::: Data shown :::

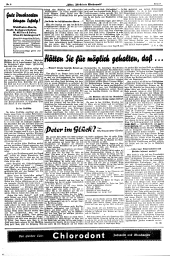 Illustrierte Wochenpost 19390303 Seite: 7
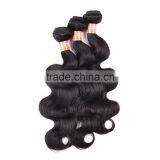 Hot Beauty Human Hair 5a Virgin Brazilian Hair,unprocessed Wholesale Virgin Brazilian Hair thumbnail-4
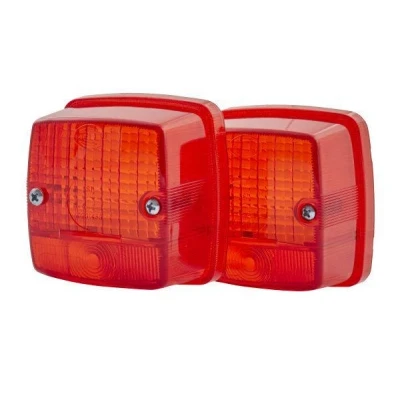 Afbeelding van Glas 2SB 003 014 151 9EL 115 035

:::

■ **Aim of the task**
A word-for-word copy of the material is required; pictures stay out of it.

■ **Result**
 Illustrierte Wochenpost 19390303 Seite: 7
 Hot Beauty Human Hair 5a Virgin Brazilian Hair,unprocessed Wholesale Virgin Brazilian Hair thumbnail-4
 Afbeelding van Glas 2SB 003 014 151 9EL 115 035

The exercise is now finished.